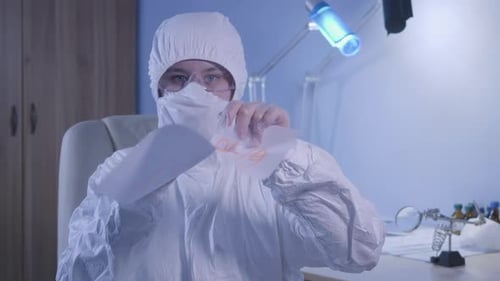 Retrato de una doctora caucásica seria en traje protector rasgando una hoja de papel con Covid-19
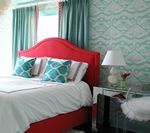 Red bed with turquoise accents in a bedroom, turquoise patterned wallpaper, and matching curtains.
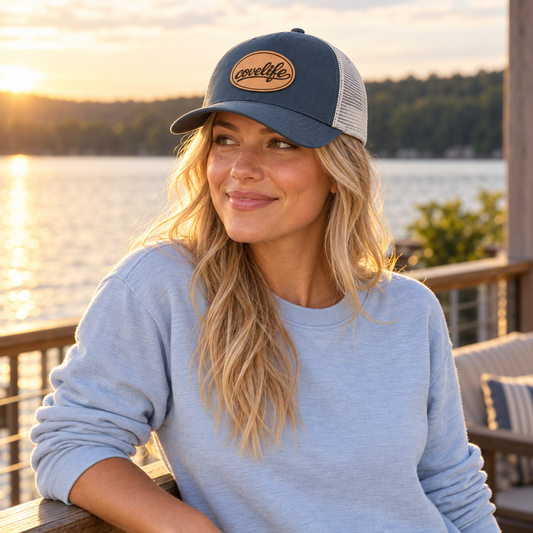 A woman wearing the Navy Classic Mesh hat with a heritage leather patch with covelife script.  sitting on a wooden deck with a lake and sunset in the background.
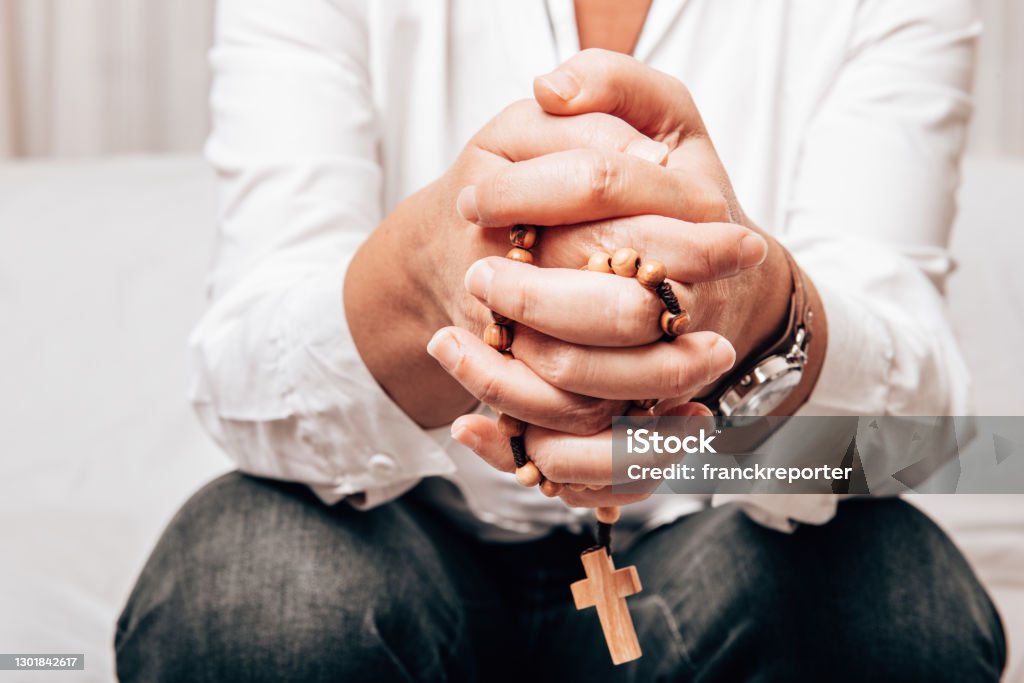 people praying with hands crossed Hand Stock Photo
----
* _Work request_
Restate the data word for word, minus any images.

* _Response below_
 Retrato de una doctora caucásica seria en traje protector rasgando una hoja de papel con Covid-19
 Red bed with turquoise accents in a bedroom, turquoise patterned wallpaper, and matching curtains.
 A woman wearing the Navy Classic Mesh hat with a heritage leather patch with covelife script.  sitting on a wooden deck with a lake and sunset in the background.
 people praying with hands crossed Hand Stock Photo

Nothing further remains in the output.